Frequently asked questions

FAQ

Which LLM is best for summarization in a web app backend?

For most summarization workloads, a fast small model is best: Claude Haiku, GPT-4 class mini, Gemini Flash, or open weights like Llama 3.1 8B. They cost 10 to 30 times less per token than frontier models and produce summaries that are indistinguishable for everyday document, email, and chat use cases. Escalate to a larger model only when the summary fails a quality check or contains legal or medical content where errors are expensive.

Do I need to self-host an LLM for a production backend?

Almost never at startup or mid-market scale. Managed APIs from Anthropic, OpenAI, Google, Mistral, and DeepSeek are cheaper than running your own GPUs unless you have very high steady traffic, regulated data that cannot leave your VPC, or open-weights features you cannot get via API. Self-hosting is a real engineering commitment, not just a deployment task.

What is the best vector database for Q&A and RAG?

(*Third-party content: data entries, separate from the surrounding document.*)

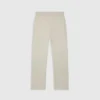 JERSEY PANT MILK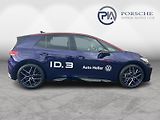 Volkswagen ID.3 240 kW FIRE+ICE - náhled 7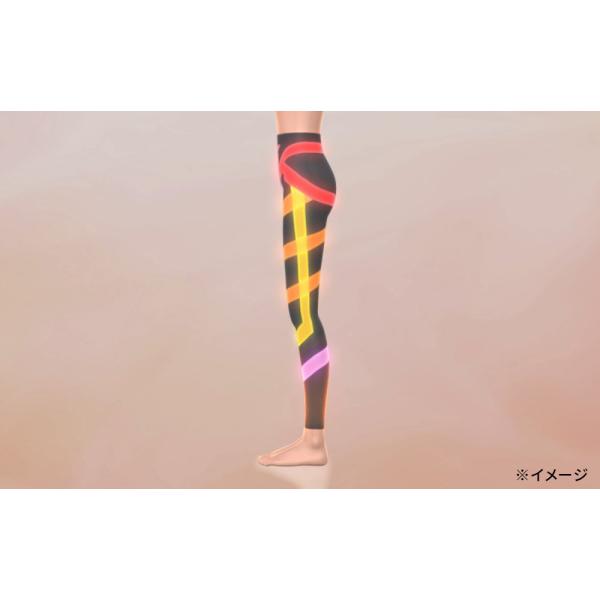 dinos_1352800332_2_d_20251028094852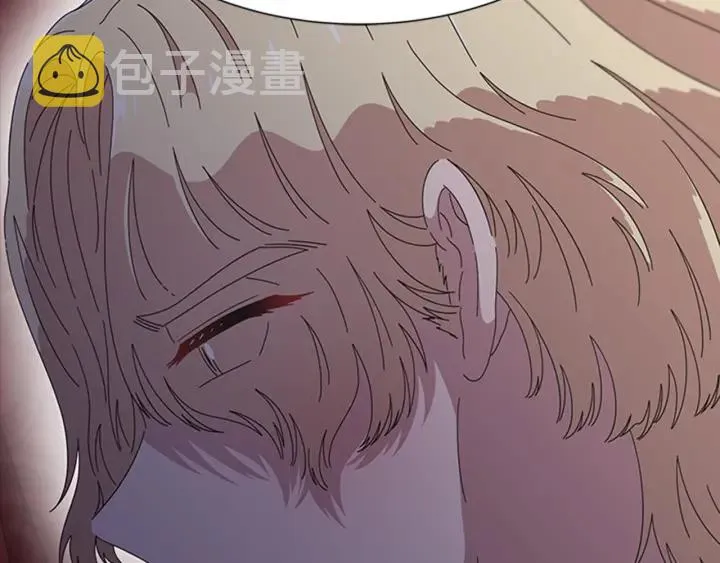 第109话 和美女贴贴 第131页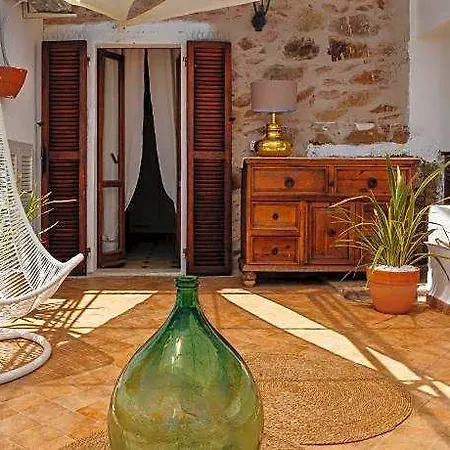 Il Castello 3* Posada (Sardinia)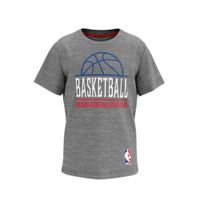 *csa juv cinza nba basketball, 14 years Cinza 5-6 ANOS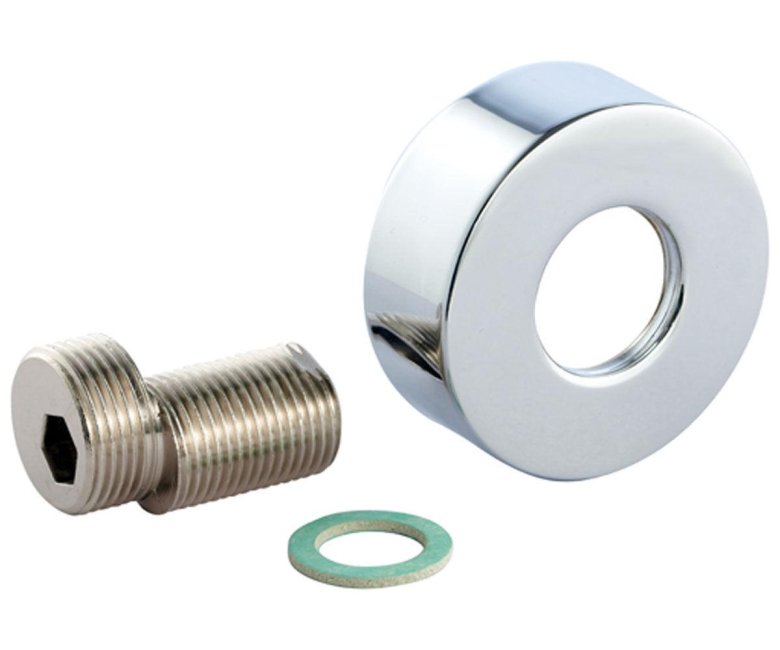 Эксцентрик 1/2 на 3/4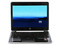 Laptop HP Pavilion dv2-1020la
Procesador AMD Athlon Neo MV-40 (1.6 GHz),
Memoria 2 GB DDRII, Pantalla WXGA de 12.1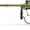 Olive/Tan, variant on DYE Rise CZR Paintball Marker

Use pgvector if you already run Postgres. It is the boring correct answer for over half of production RAG workloads. Move to Qdrant, Weaviate, or Pinecone when you outgrow pgvector on recall, latency, or scale. Do not start with the expensive option: retrieval quality depends far more on chunking, embedding choice, and reranking than on the database itself.

Is LangChain still the right choice for agents?

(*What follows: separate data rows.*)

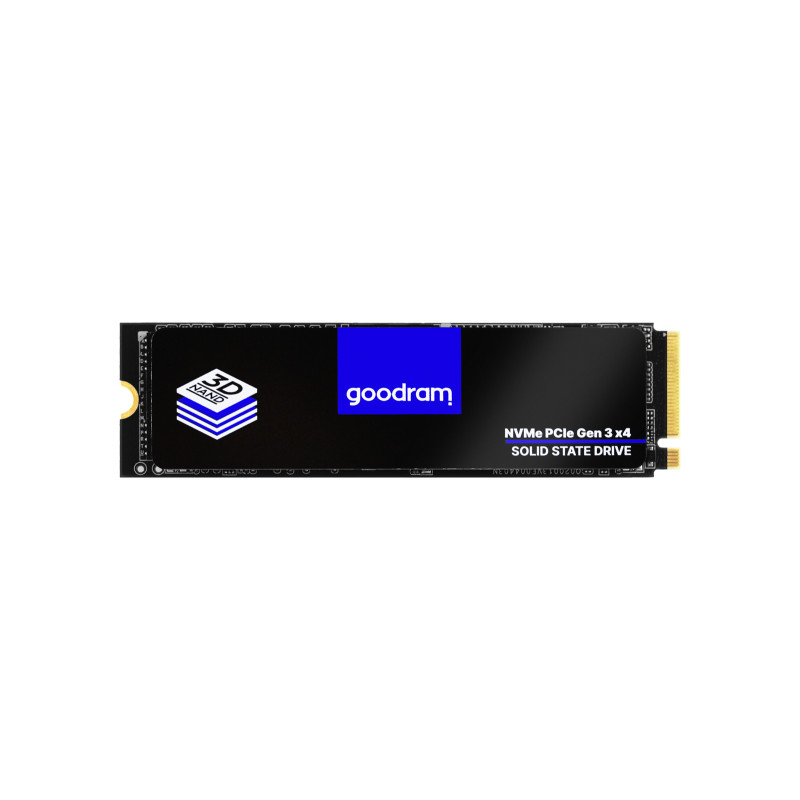 PX500 GEN.2 M.2 1000 GB PCI EXPRESS 3.0 3D NAND NVME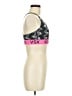 VSX Sport Pink Sleeveless Top Size M - photo 4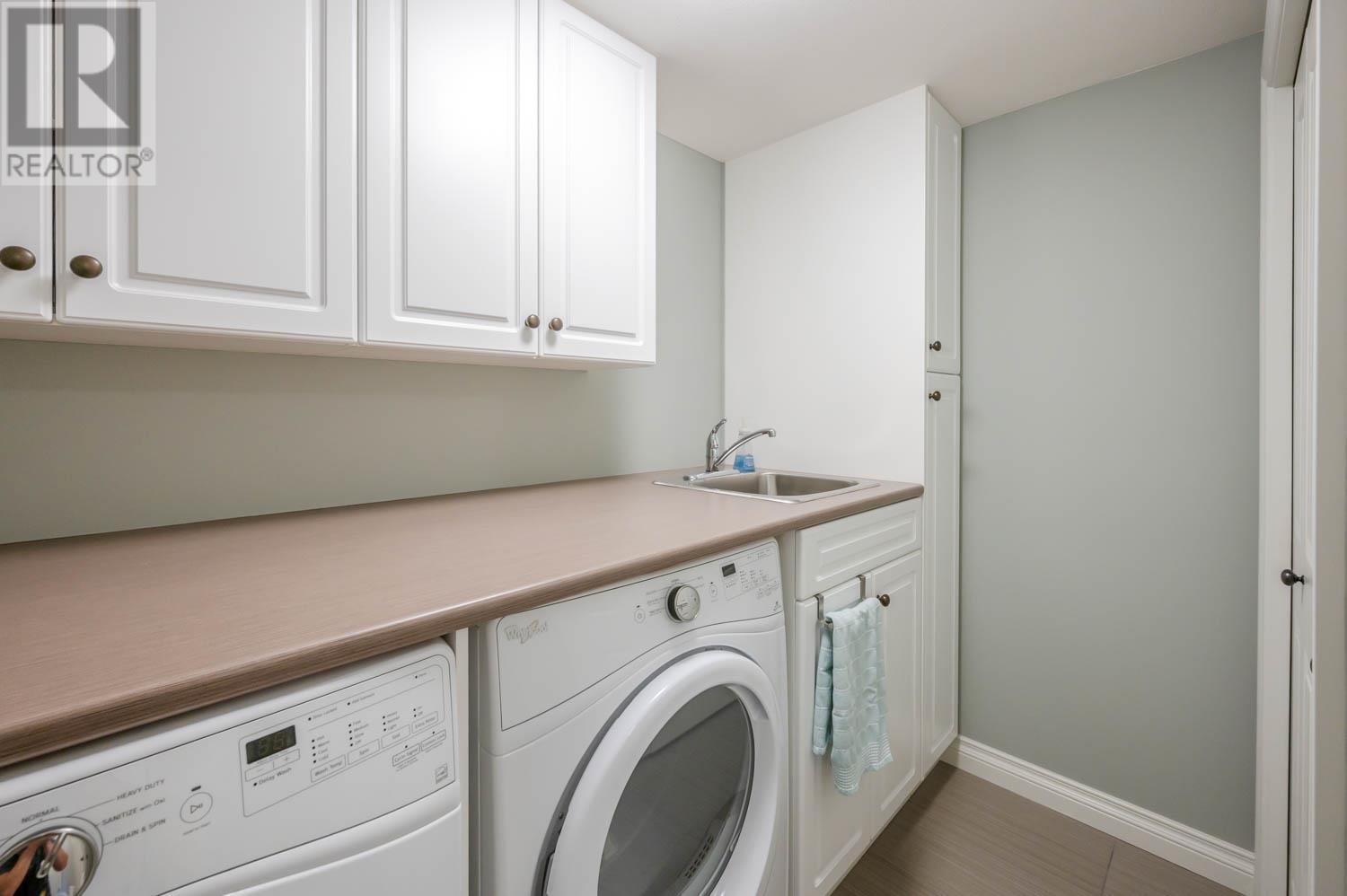 2450 Radio Tower Road Unit# 199, Oliver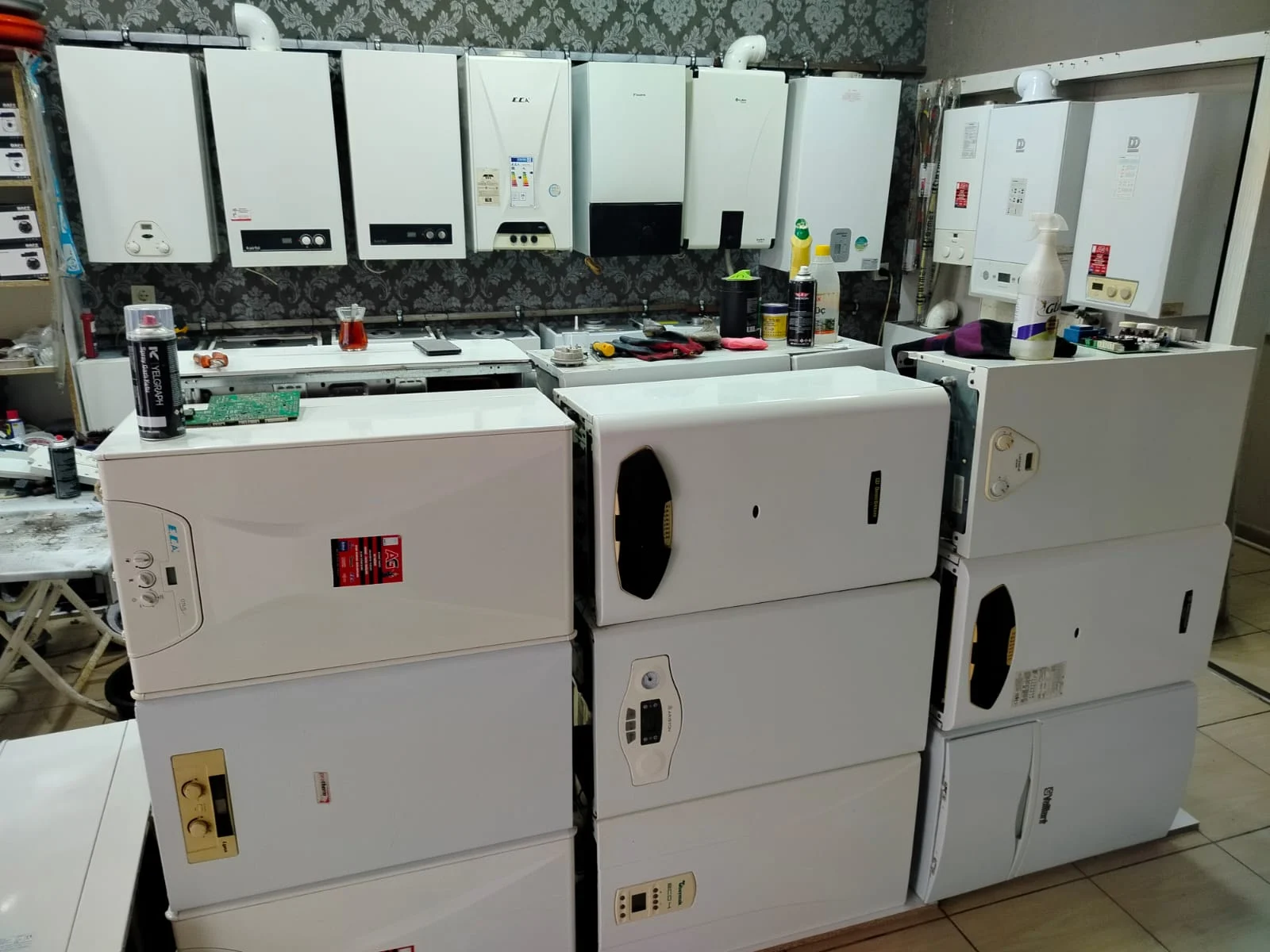 galeri_20260415_190325_35a1c257df96247f4b34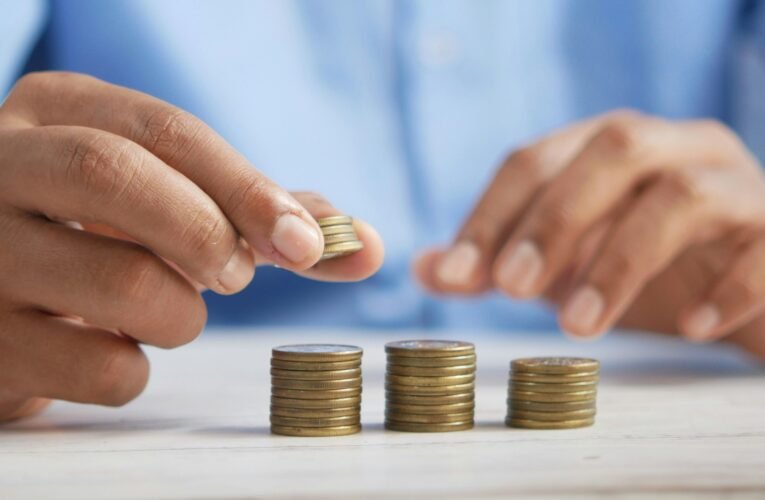 Finfactor는 WestBridge Capital이 주도하는 시리즈 A 자금에서 1,500만 달러를 모금했습니다.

It is one of several right choices. LangChain and LangGraph have the largest community and the most documented patterns, which matters when you debug at 2am. CrewAI is better for role-based crews. n8n is better for integration-heavy workflows. Temporal is better for durable execution. Pick based on the shape of your workflow, not the brand on the box.

Can I skip building all this and just use an AI Employee platform?

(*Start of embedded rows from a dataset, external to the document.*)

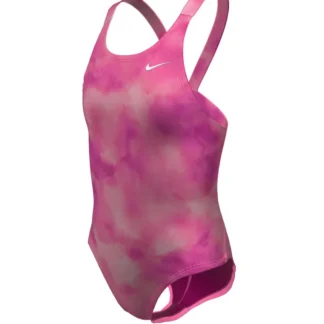 Ujumistrikoo Nike Hydrastrong Fastback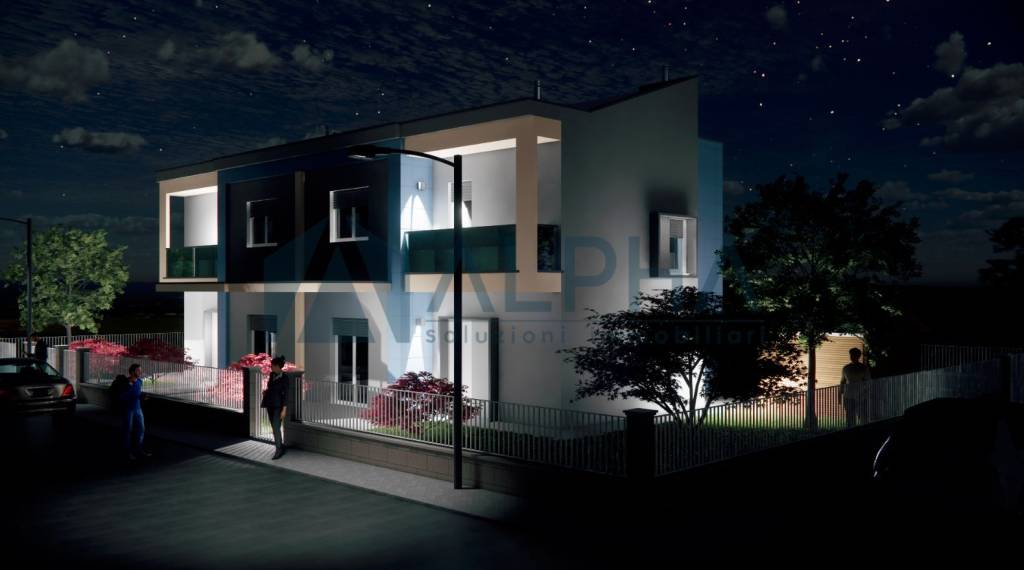 immagine annuncio 7 di 9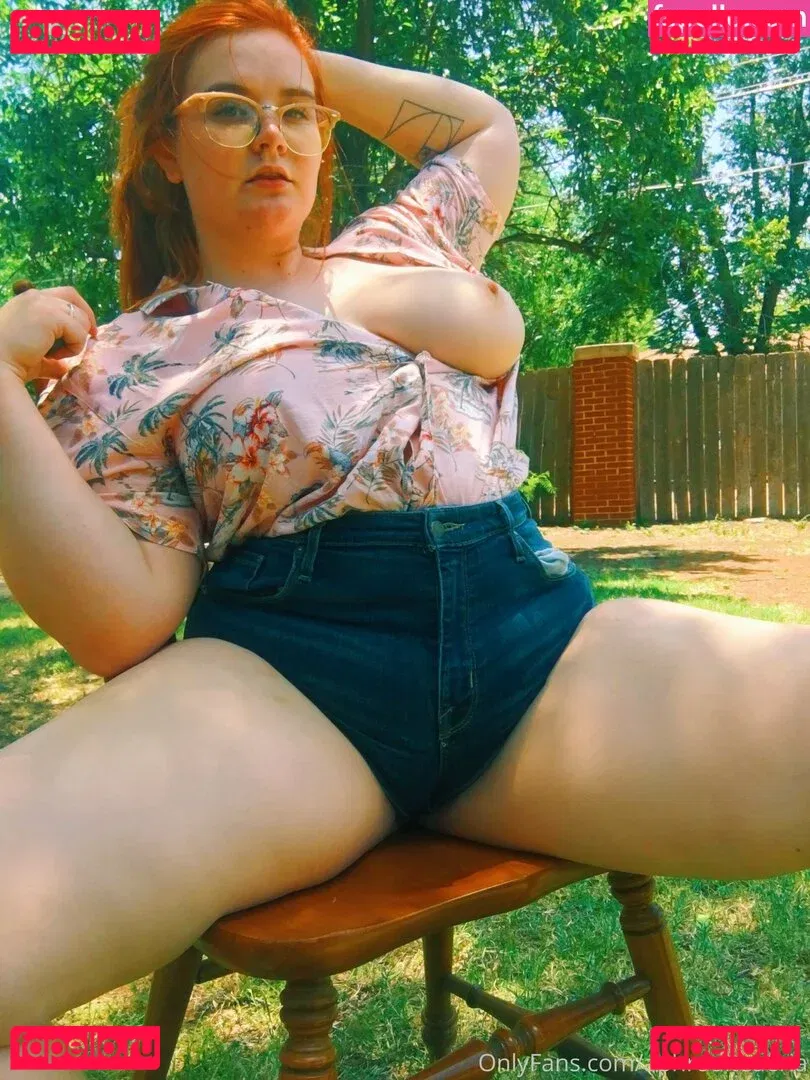 Allisonivyx Onlyfans Photo Gallery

Yes, and it is the right call for most non-infrastructure products. Platforms like Sistava handle model routing, hosting, retrieval, memory, channels, and the orchestration layer behind the scenes. You hire the AI Employee for a role, give it the task, and judge it on output. You only need to build the stack yourself if AI infrastructure is the product you sell.

Every decision in this article connects back to one question: how much of the AI stack do you actually want to own. There is a clean answer for teams whose product is AI infrastructure, and a different clean answer for teams whose product is anything else. The mistake is staying in the middle, where you own enough of the stack to drown in operational burden but not enough to ship a real platform. Pick a lane, name the constraint, and move.

The pragmatic close: if you are reading this because your backend needs an AI feature next quarter, start with a managed API, a fast model for the cheap path, a smart model behind a confidence gate, and a small eval set you trust. Skip self-hosting until traffic, data policy, or open-weights features force the move. Skip a custom orchestration framework until your workflow shape outgrows what an existing one offers. And if your real job is to ship a product, not a platform, the honest move is to delegate the whole stack to an AI Employee vendor and spend the saved weeks on the thing only you can build. The AI infrastructure layer matures whether you watch it or not. Your product does not.